BEGIN
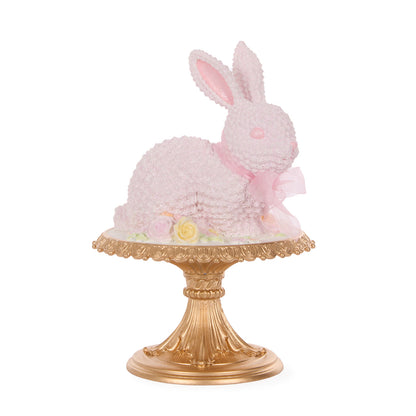 MERINGUE BUNNY ON PEDESTAL
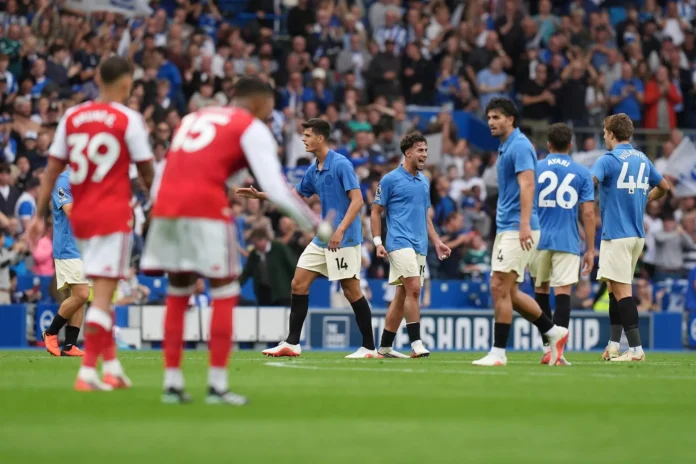 Fútbol/Premier.- (Crónica) El Brighton firma la primera derrota del Arsenal en este curso liguero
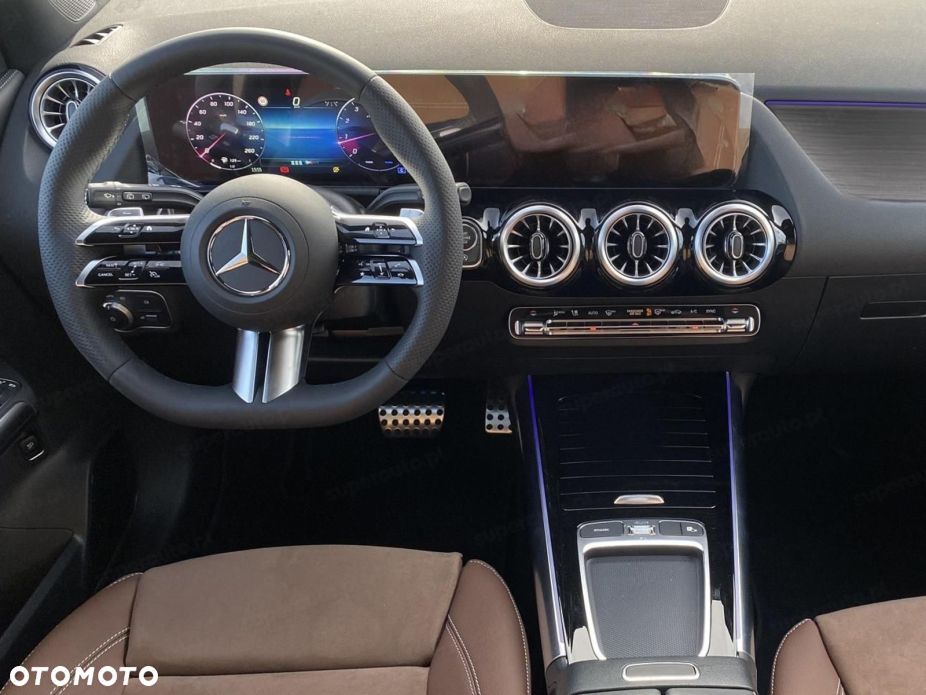 Mercedes-Benz GLA - 15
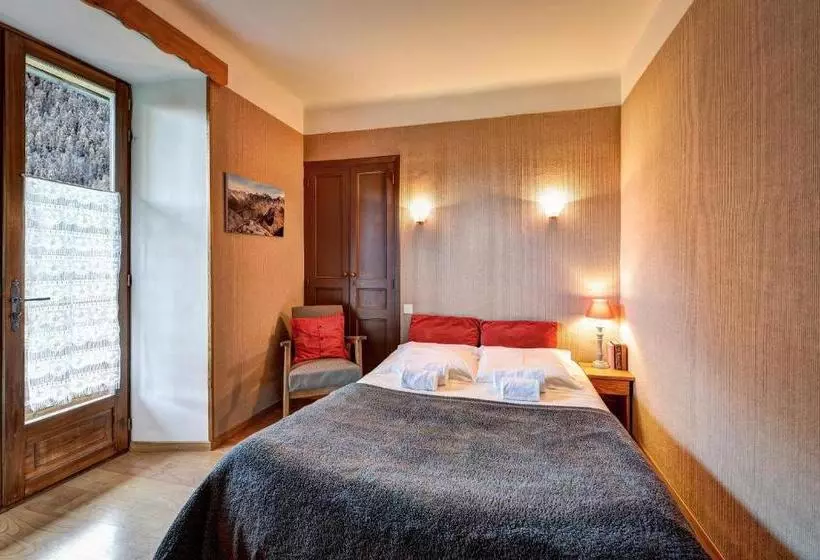 Hotelli Hôtel Restaurant Gîtes Les 5 Saisons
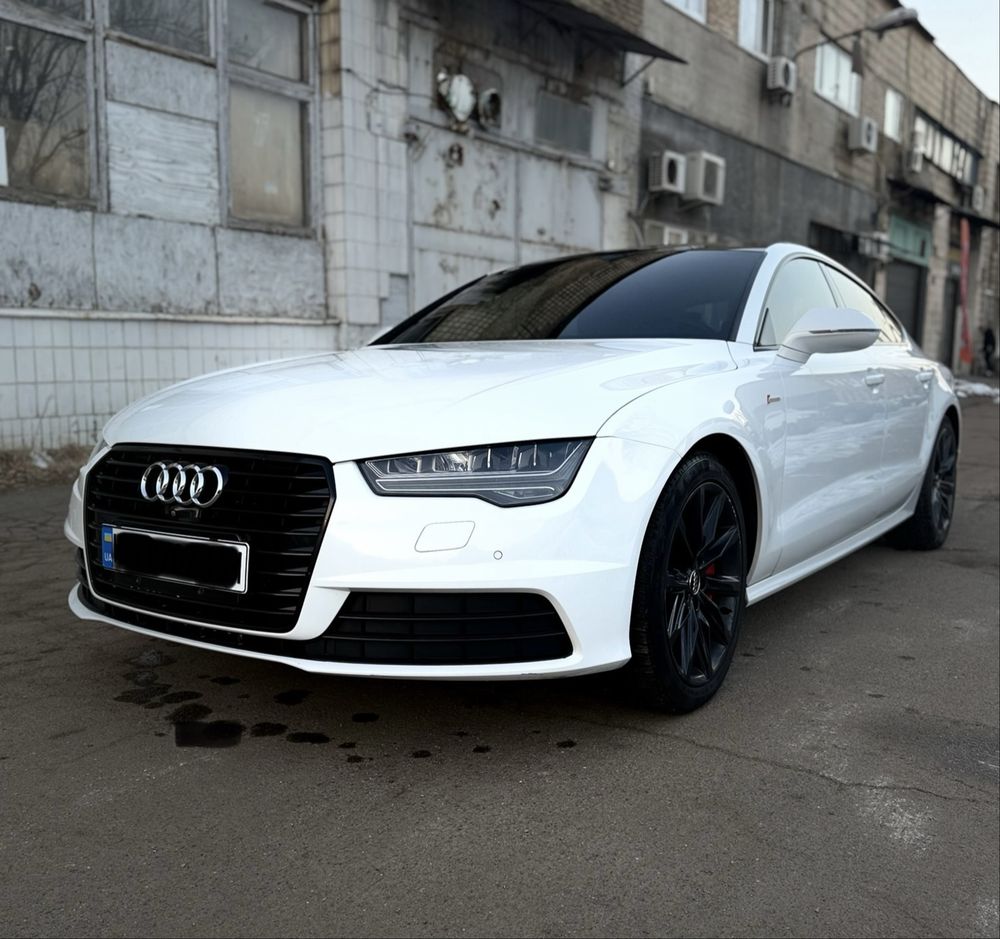 Audi A7 2016 року
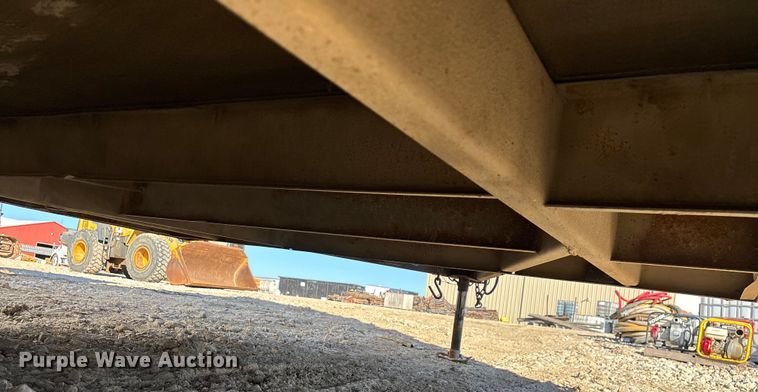 image for item ED2345 2006 Roadmaster RME818TA2 enclosed cargo trailer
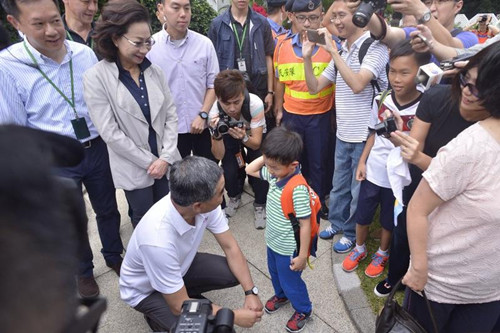 香港禮賓府開放日 梁振英夫婦與市民零距離接觸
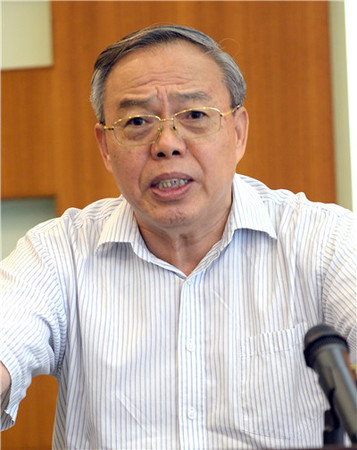 06十一届全国政协经济委员会副主任、中国国际经济交流中心常务副理事长郑新立_副本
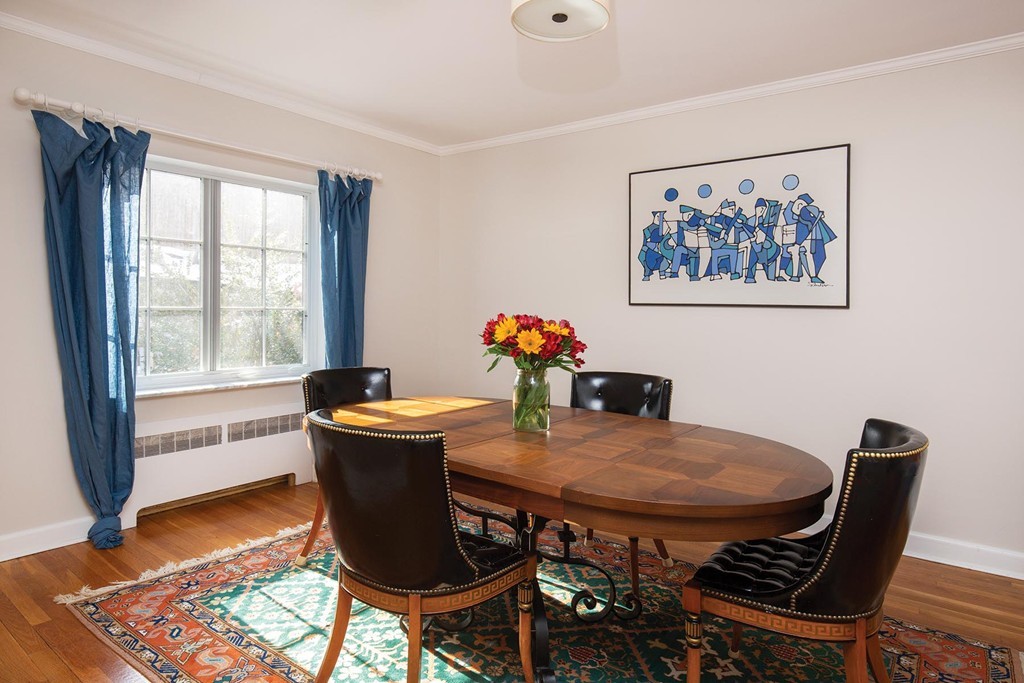 11 Gardner Road, Unit 1B Brookline, MA 02445 - Photo 3 of 8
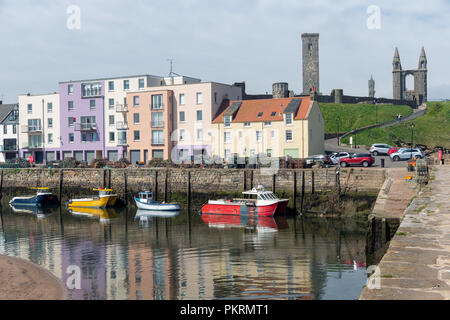 Hafen mit Schiffen und Skyline mit Kathedrale St Andrews, Schottland Stockfoto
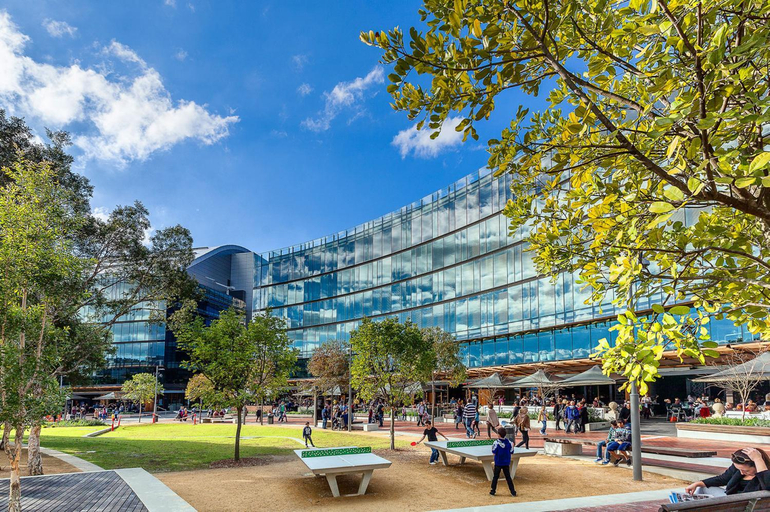 Poolside 2-Bed Haven, Walk to City Centre, Sydney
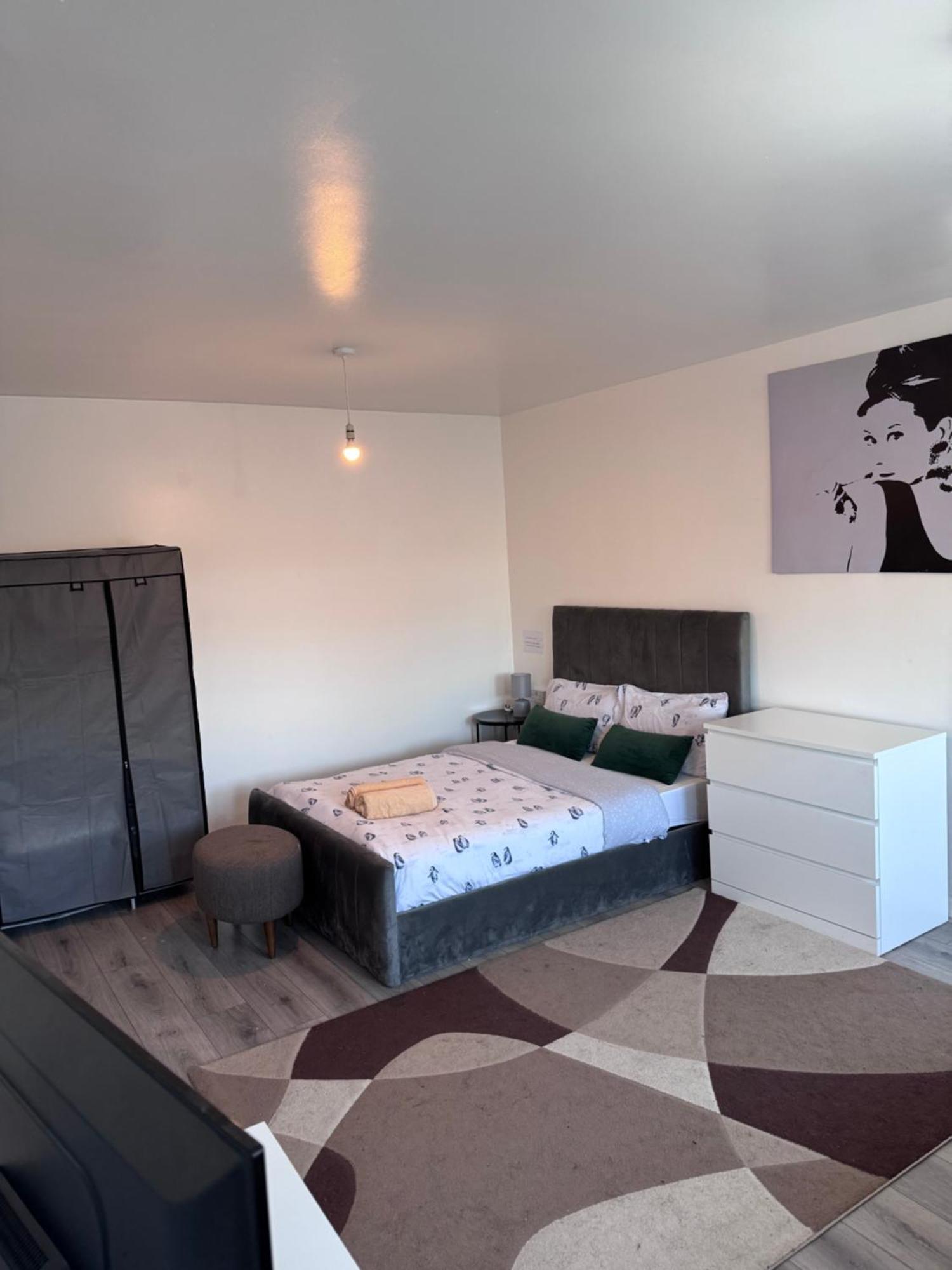 Modern Room In A 4 Bedroom Flat In London, Shared Bathroom! Экстерьер фото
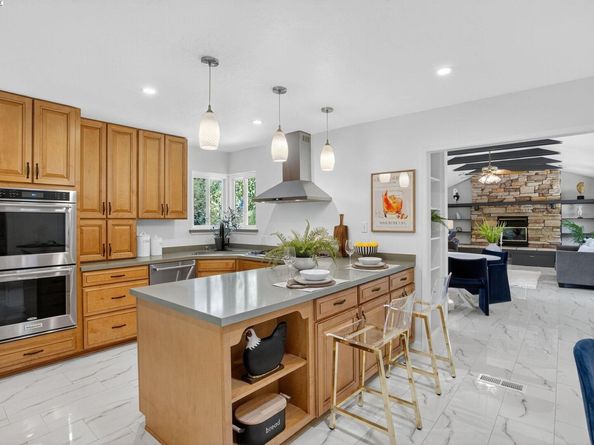 350 Elysian Fields Dr, Oakland CA 94605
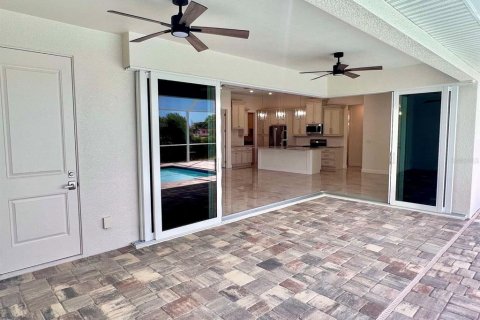 Villa ou maison à vendre à Rotonda, Floride: 4 chambres, 172.98 m2 № 2195410 - photo 28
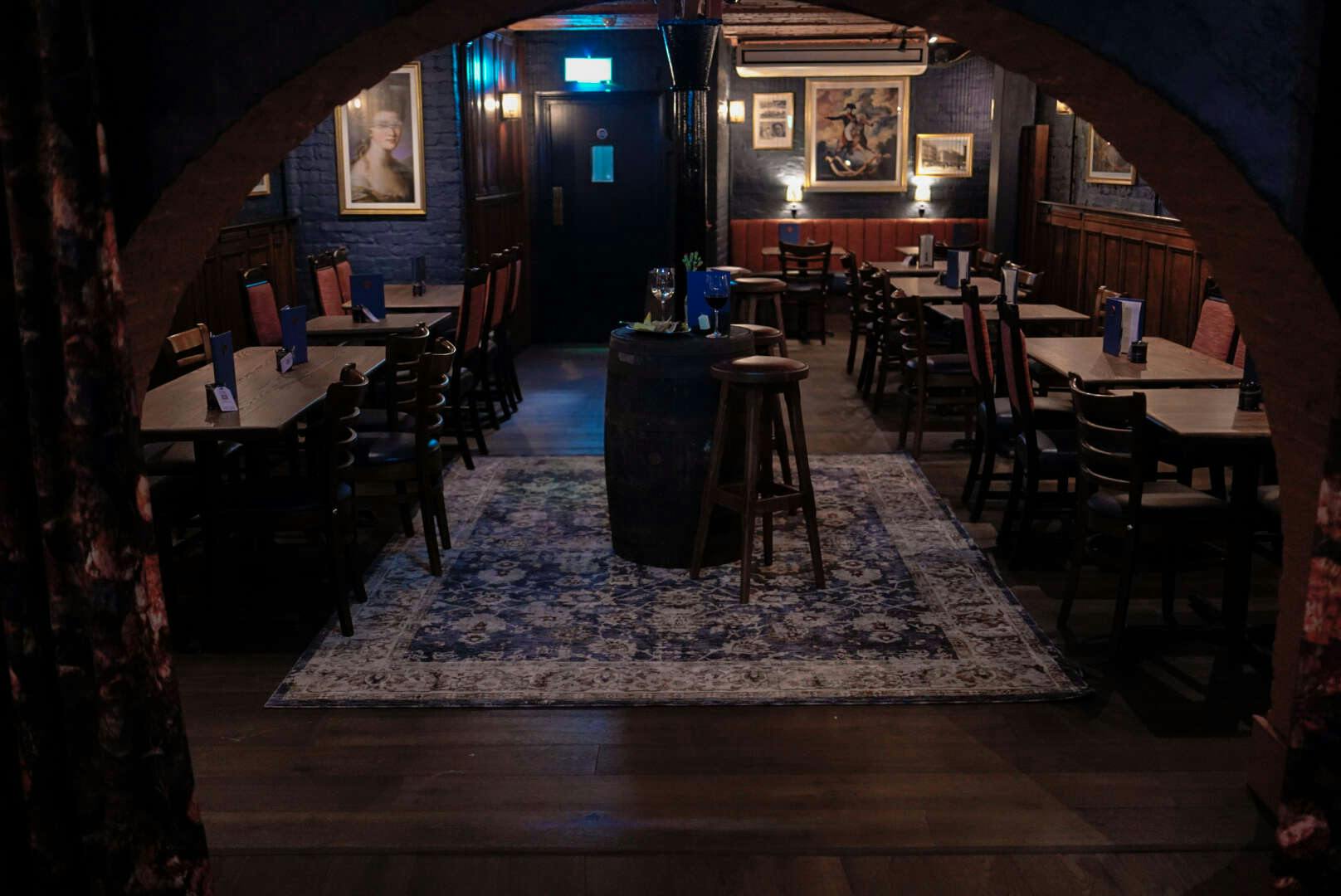 Bishop's Vaults at Dirty Dicks - image 3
END
Return nothing except the lines from the one containing "Hotelli Hôtel Restaurant Gîtes Les 5 Saisons" through the final line of the data, copied exactly. Leave out all pictures.

TASK OUTPUT:
 Hotelli Hôtel Restaurant Gîtes Les 5 Saisons
 Audi A7 2016 року
 image for item ED2345 2006 Roadmaster RME818TA2 enclosed cargo trailer
 香港禮賓府開放日 梁振英夫婦與市民零距離接觸
 06十一届全国政协经济委员会副主任、中国国际经济交流中心常务副理事长郑新立_副本
 11 Gardner Road, Unit 1B Brookline, MA 02445 - Photo 3 of 8
 Hafen mit Schiffen und Skyline mit Kathedrale St Andrews, Schottland Stockfoto
 Poolside 2-Bed Haven, Walk to City Centre, Sydney
 Modern Room In A 4 Bedroom Flat In London, Shared Bathroom! Экстерьер фото
 350 Elysian Fields Dr, Oakland CA 94605
 Villa ou maison à vendre à Rotonda, Floride: 4 chambres, 172.98 m2 № 2195410 - photo 28
 Bishop's Vaults at Dirty Dicks - image 3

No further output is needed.